Quote Originally Posted by Cavguy View Post
As an Armor guy, I'm not shedding any tears for the demise of FCS. Its fundamental assumptions were invalid - namely - that "information=force protection", and risk could be assumed with armor in favor of deployability. If "information dominance" would protect us, we wouldn't be losing soldiers to IED's. Like EBO, FCS tried to eliminate fog and friction from war, instead of embracing it and developing systems to compensate.

Combat experience in Iraq, Afghanistan (CDN), and Israel have all demonstrated the necessity of heavy armor in urban combat. I am all for a recapitalized fleet and new vehicles with less maintenance/logistics requirements, but not at the expense of combat effectiveness. One size fits all approaches rarely work well, we need a mix of high/low capabilities.
Agree totally and completely. A key phrase used by Gates, that I doubt any of the media picked up on, was "full spectrum." Based on the new FM 3-0, that has a very specific meaning - and I hope he was revealing his intent when he used it.

Quote Originally Posted by Cavguy View Post
Not necessairly, as you need both capabilities.
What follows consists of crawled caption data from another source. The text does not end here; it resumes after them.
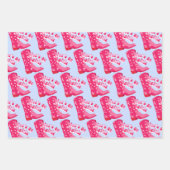 Feuille De Papier Cadeau Joli Fer à Cheval de Cowgirl de Disco Rose Bleu Be (Devant)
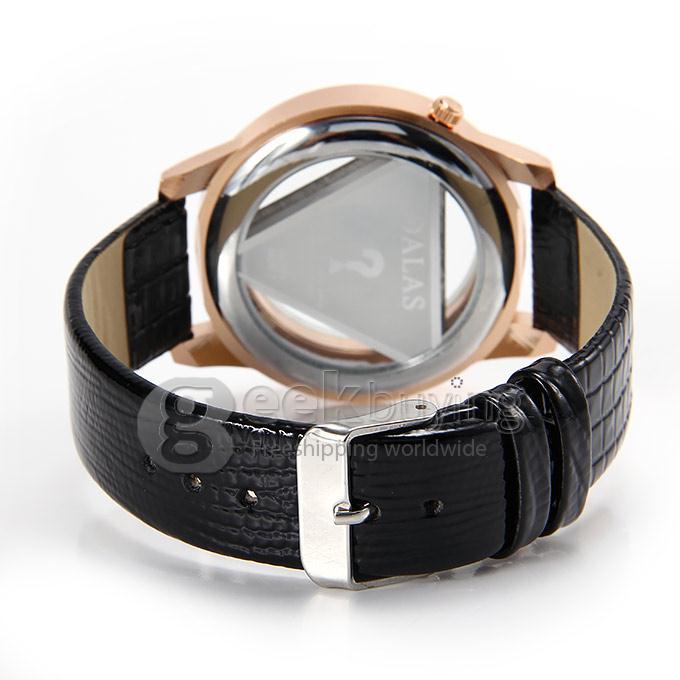 DALAS Women's Lady Style Casual Leather Strap Analog Quartz Wrist Watch - Black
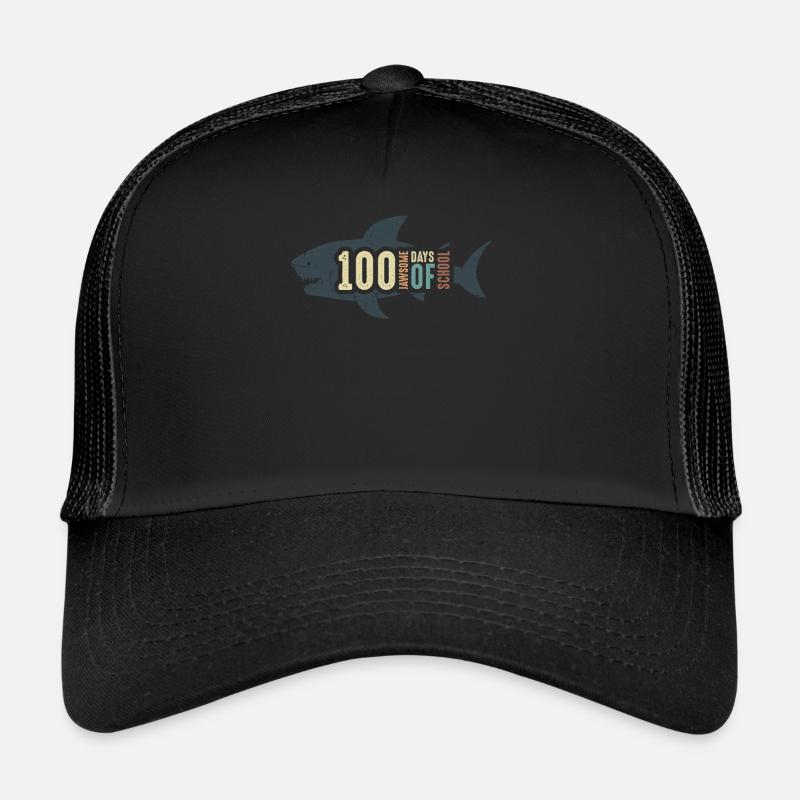 Jawsome Shark 100 jours d’école - Casquette trucker  - noir/noir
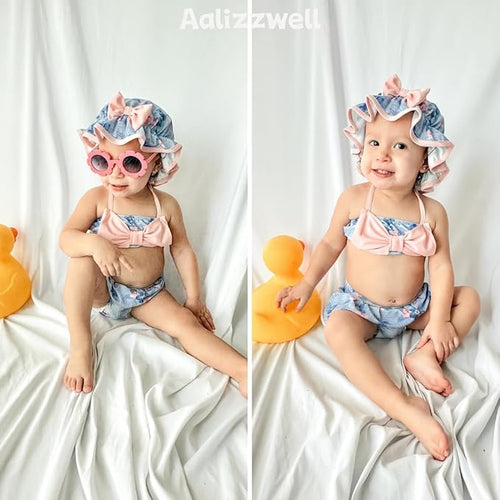 12-18 Months Infant Baby Girls Swimsuit Floral Bikini Two Pieces Bathing Suit Swimwear Summer Swimming Beach Set Blue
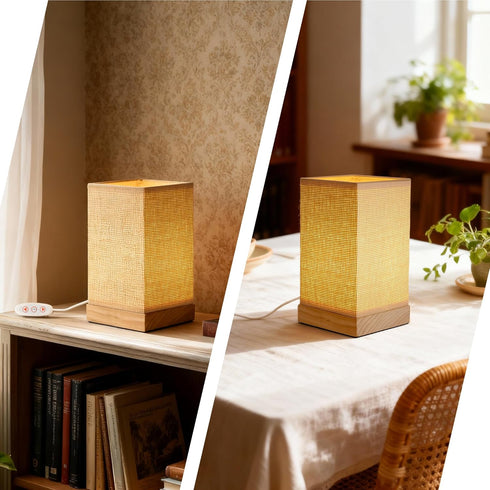 Dimmable LUSHARBOR Boho Bedside Table Lamp, Decorative Rattan Lamp Battery Operated, Small Nightstand Boho Lamp Accent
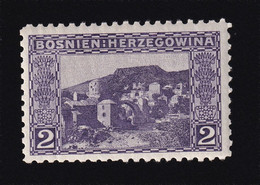 BOSNIA AND HERZEGOVINA - Landscape Stamp 2 Hellera, Perforation 9 ½, MH - Bosnia Erzegovina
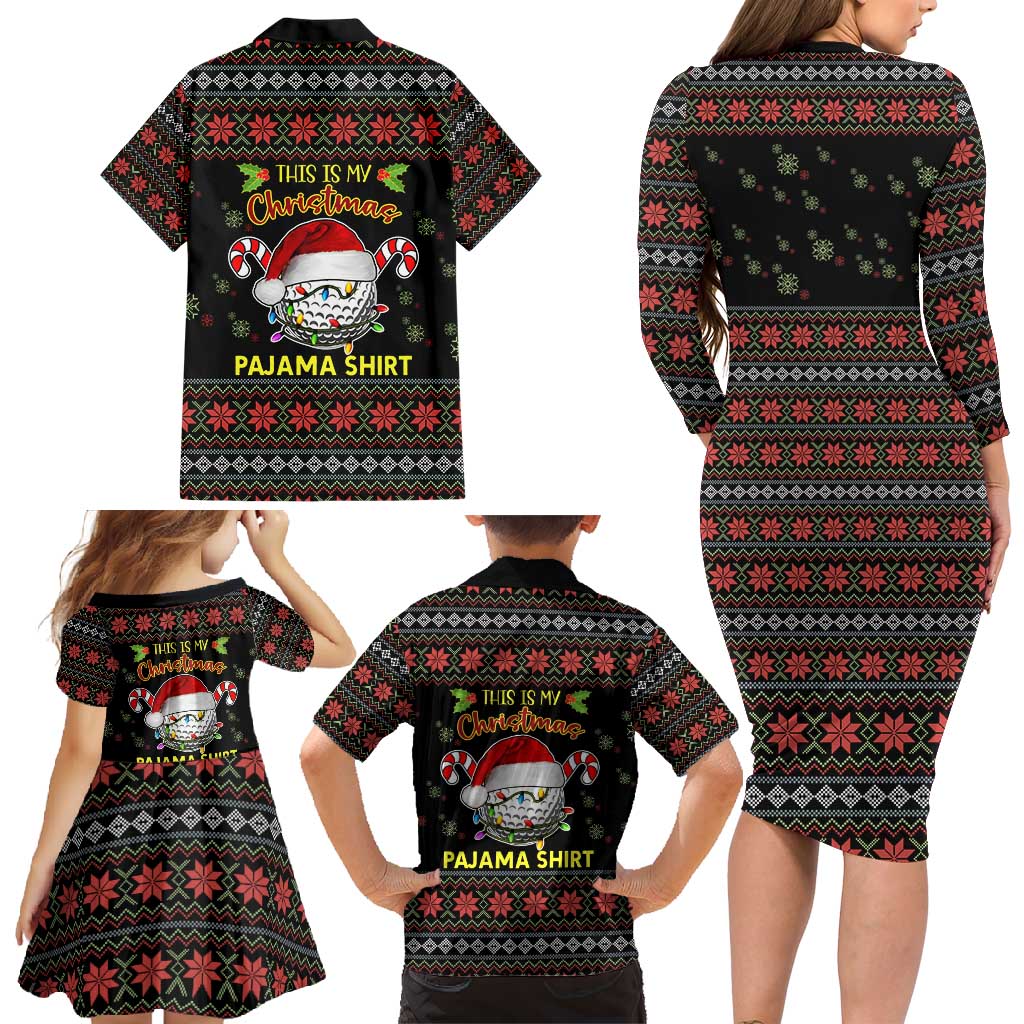 Golf Pajama Christmas Family Matching Long Sleeve Bodycon Dress and Hawaiian Shirt Xmas Holiday Patterns - Wonder Print Shop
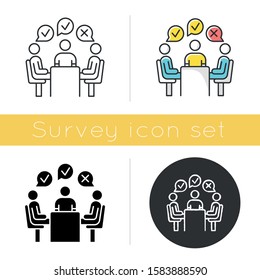 Group administered survey icon. Public opinion polling. Social research. Feedback. Sampling. Customer satisfaction. Voting. Glyph design, linear, chalk and color styles. Isolated vector illustrations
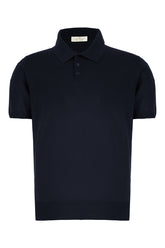 Polo in seta blu notte -  | Wise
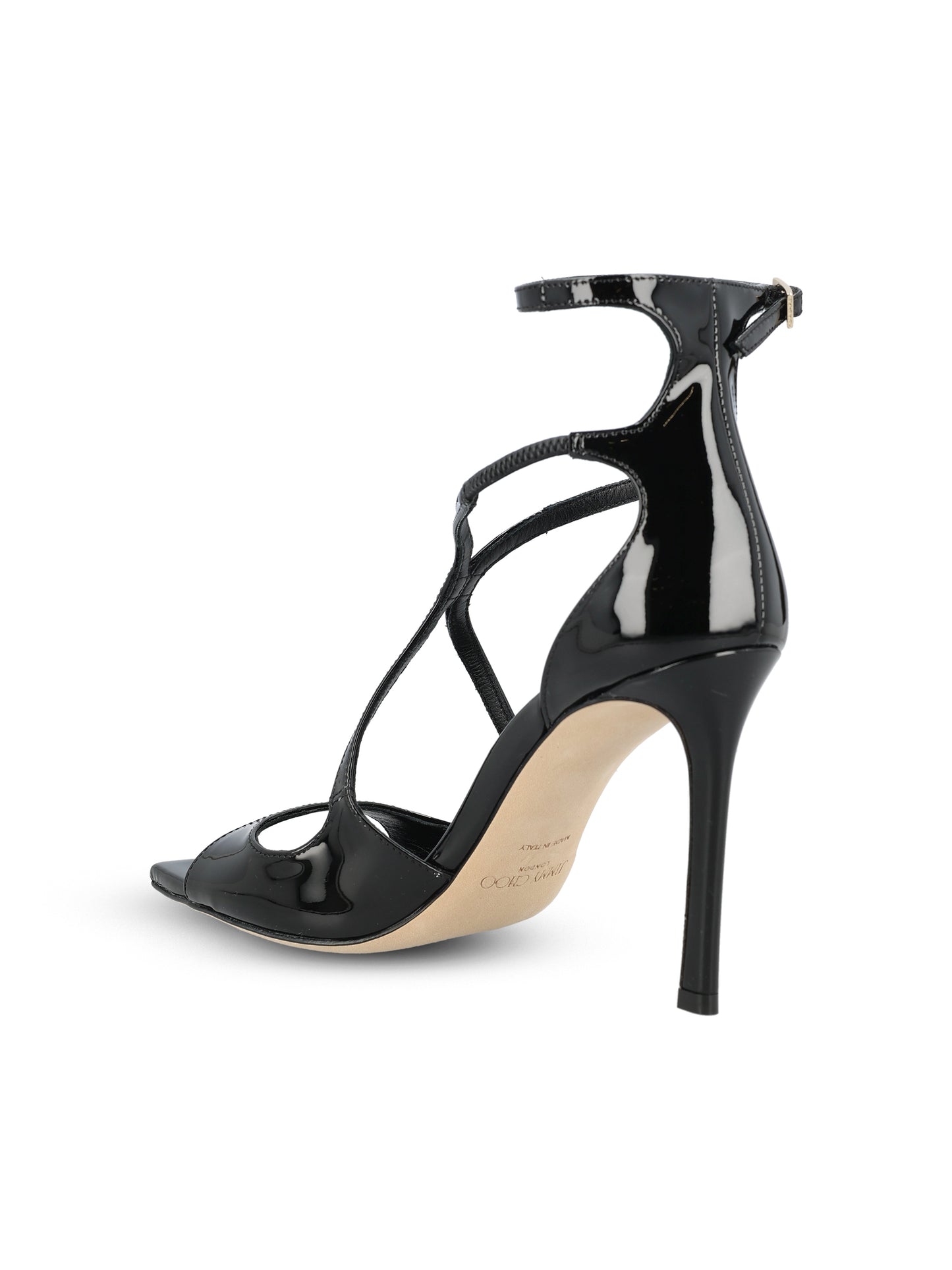 Sandali in pelle verniciata. AZIA 95 PATBLACK JIMMY CHOO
What matters is how we organize. Do we need large armored formations for COIN? No. Do we need heavy armor to support troops in COIN? Absolutely.

I wrote a post awhile back on how I tasked organized a heavy company team for COIN - and thought it was pretty successful and flexible. It provided dismounted ability to engage the population with the firepower needed to support those dismounted troops when the sh*t hit the fan (and potentially discourage those who saw an easy and exposed target.

My flexible MTOE with the ability to customize forces to the mission was the key ingredient. My tankers sometimes used the tanks and sometimes acted as infantry. My mech guys did all kinds of varied tasks, as did the combat engineers. The mission/environment dictated our equipment set, not the other way around.

One of my big pushes is doing a better job at executing up front system analysis to translate desired capabilities into system functions that support the intended doctrine. That means evaluating effectiveness across the entire spectrum, a wide variety of missions, and working with the user community to provide systems that have the kind of flexibility to let you do that.